First of all, in discussing “Election in the Old Testament,” Dr. Konig classifies as a misconception the idea that the Old Testament is a period of “the most rigid particularism.” He denies that Israel is the elected people, while the Gentiles are rejected. Along with this, he classifies as a misconception and denies that election implies rejection. He writes:

The particularistic view of the Old Testament is supported by yet another misconception, viz that election implies rejection. According to this view God as a matter of course rejects while He elects; while He elects Israel He automatically rejects the Gentiles. The whole Old Testament history can then be described as the acts of God in choosing one nation (Israel) to be his people, (due to His lack of concern for all the other nations) and the way in which He limited His blessings and special care to this His elect people: According to this presentation election becomes “favoritism”. As a result election constitutes a threat to many, for the moment “election” is mentioned, people immediately think of the logical and inevitable counterpart: rejection. And if you are not elected, what then! At least—so many think—all men are divided into two groups: the elected and the rejected. And to make matters worse, election is often presented as a great mystery about which very little is known. Nobody ever knows who are the elect and who are the rejected. 

However, it is clear beyond all doubt that these misconceptions have no roots whatsoever in the Old or in the New Testament.

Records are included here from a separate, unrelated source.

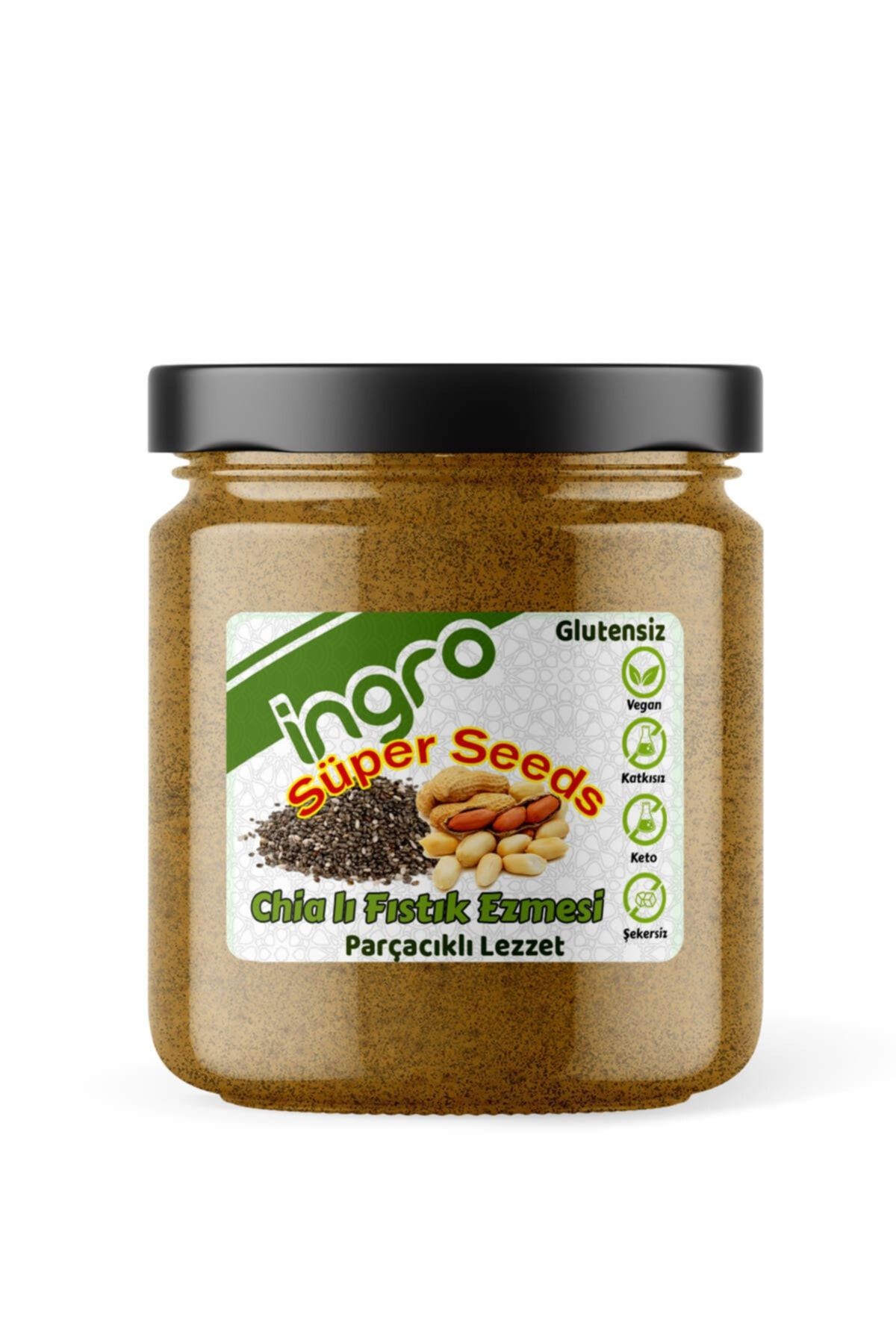 Glutensiz Super Seeds Chialı Fıstık Ezmesi (parçacıklı Lezzet) 380 G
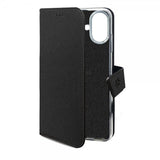 Celly iPhone 17 -kotelo Wally Wallet Case, musta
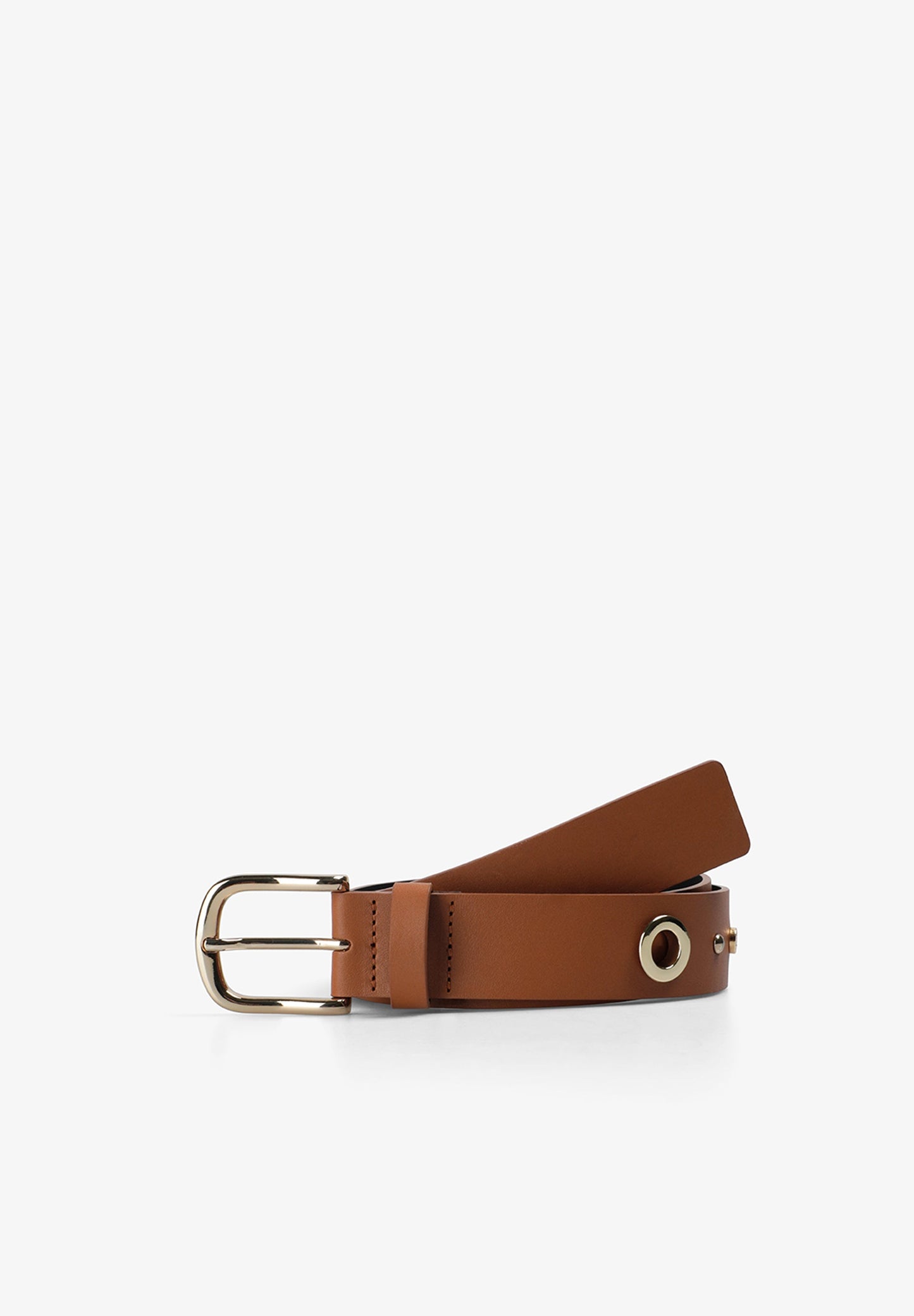 PERFORATED LEATHER BELT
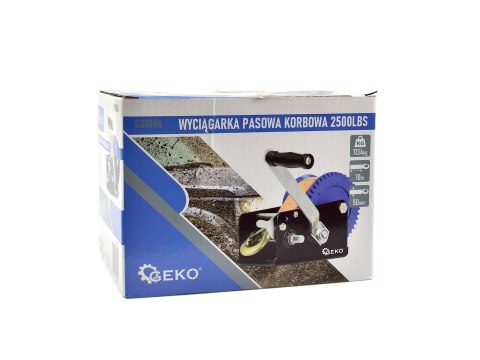 Wyciągarka pasowa korbowa 2500lbs (4) Geko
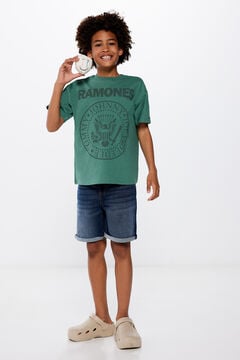 Springfield T-shirt Ramones rapaz verde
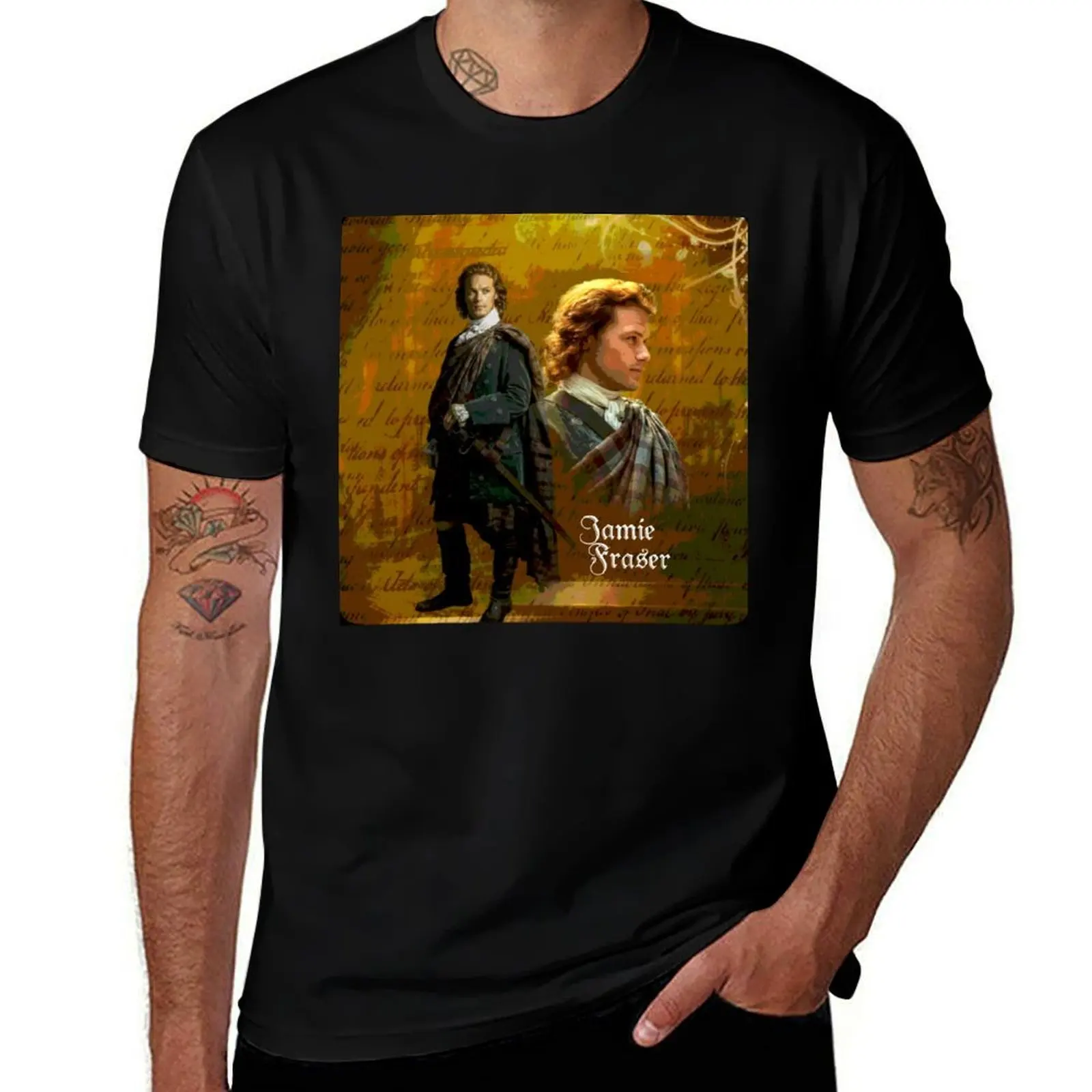 Jamie Fraser/Outlander T-Shirt Big and Tall Basic Tee Shirt T-Shirt
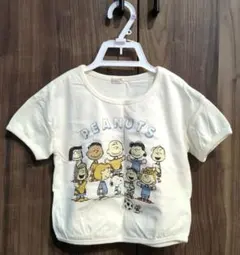 【美品】しまむら PEANUTS スヌーピー Tシャツ 90cmのサムネイル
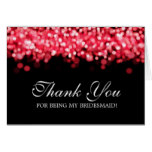 Thank You Bridesmaid Red Lights Card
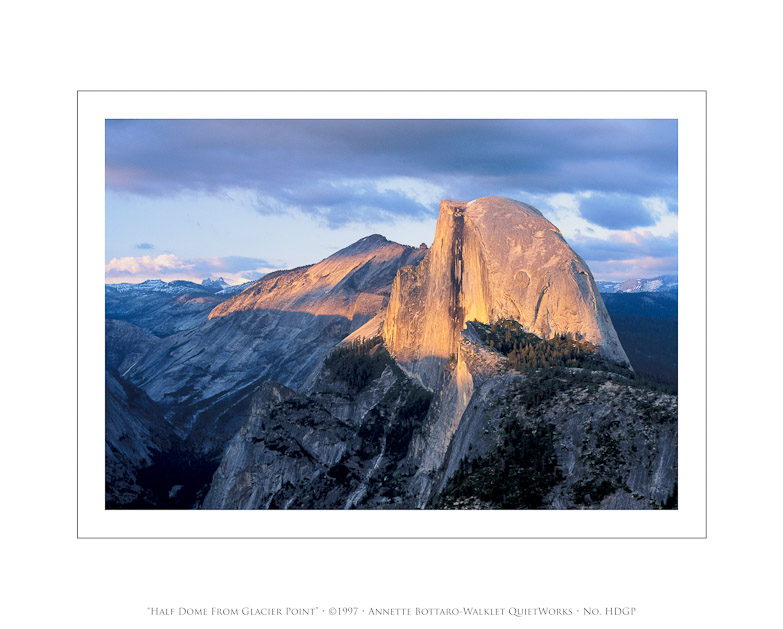 Half Dome From Glacier Point, 1997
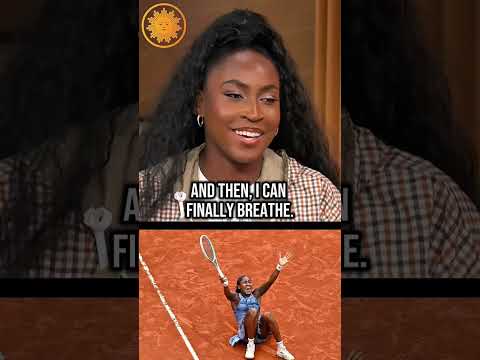 Coco Gauff on winning the French Open #shorts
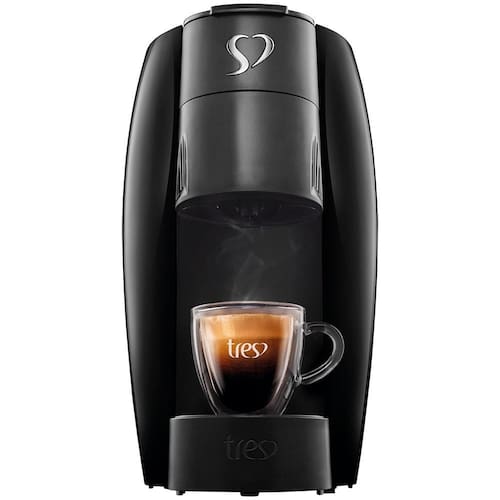 Cafeteira Espresso TRES Lov Automática Multibebidas - Preta Menor preço em Cafeteira Espresso TRES Lov Automática Multibebidas - Preta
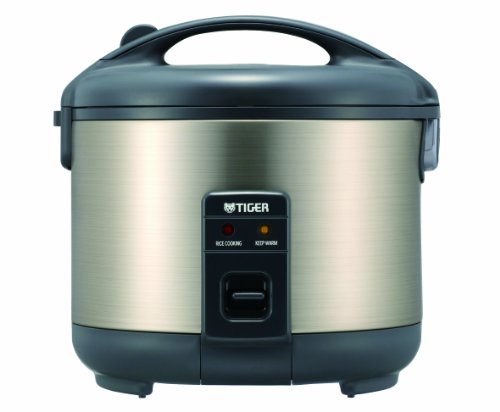 Tiger JNP-S10U 5.5-Cup Stainless Steel Rice Cooker and Warmer
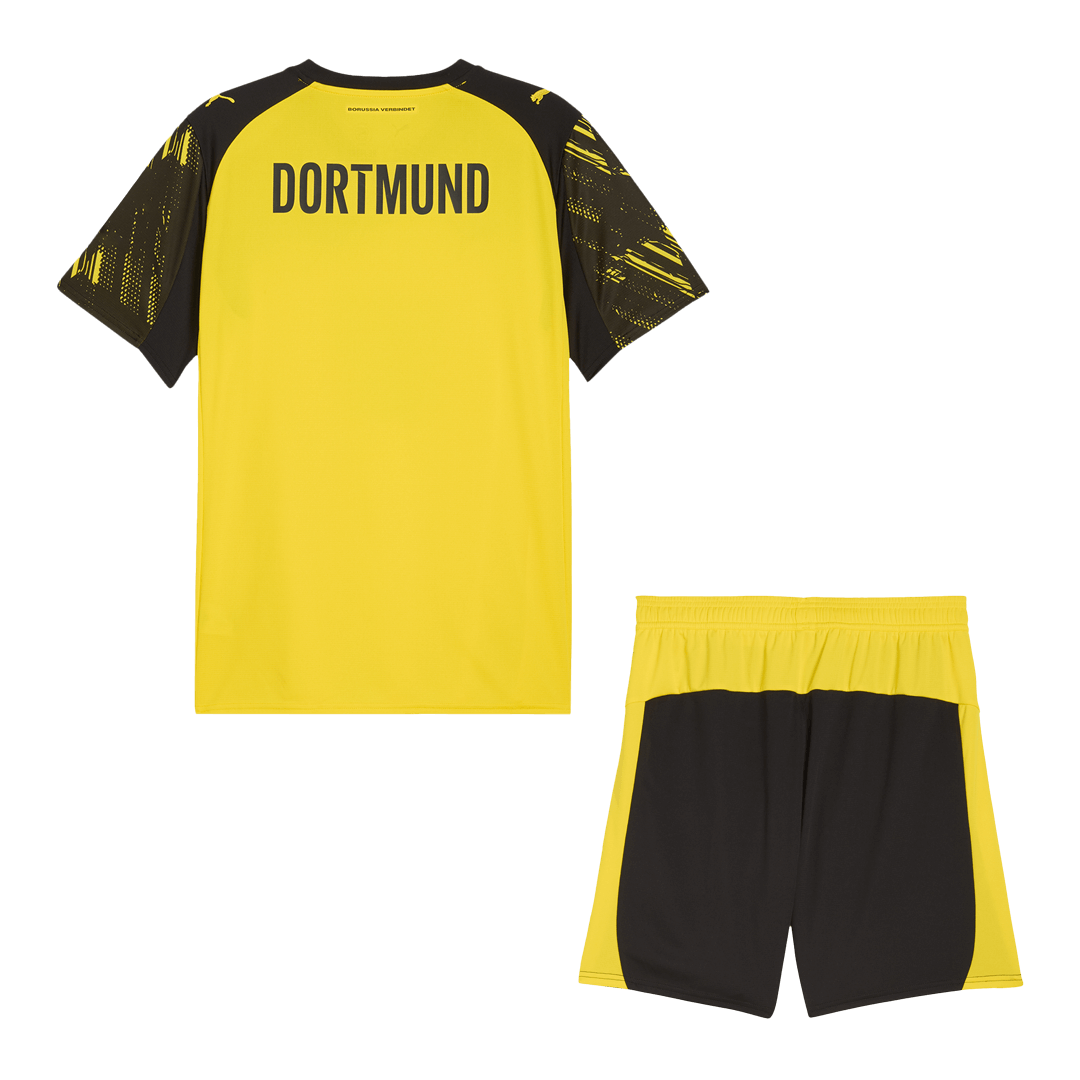 Kit de fútbol local del Borussia Dortmund (Kit y pantalón corto) 2025/26, amarilla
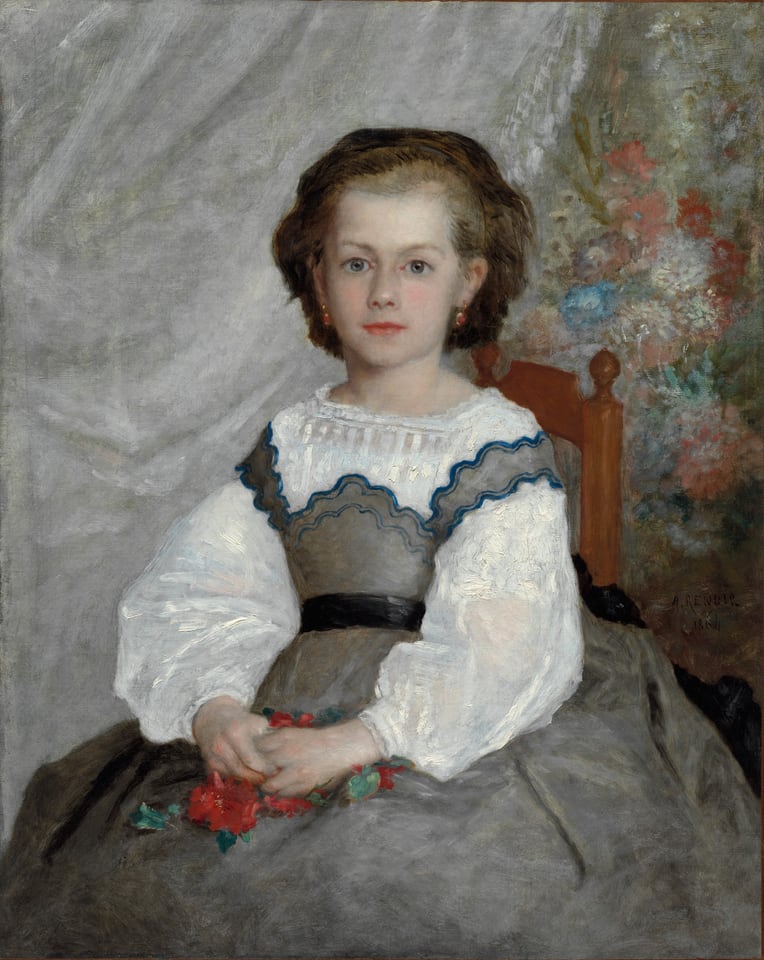 Romaine Lacaux, by Pierre-Auguste Renoir, 1864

It is obvious from the above that the very tone of Konig’s description is hostile and disparaging. And while we would not accept all the details of his description, nevertheless it is plain that Dr. Konig has in mind the traditional Reformed doctrine of a double predestination, with an election and reprobation which are equally sovereign. And he argues long and hard to get rid of this doctrine, and finally to confuse election and reprobation in such a way that the Reformed view can no longer be recognized in his teachings.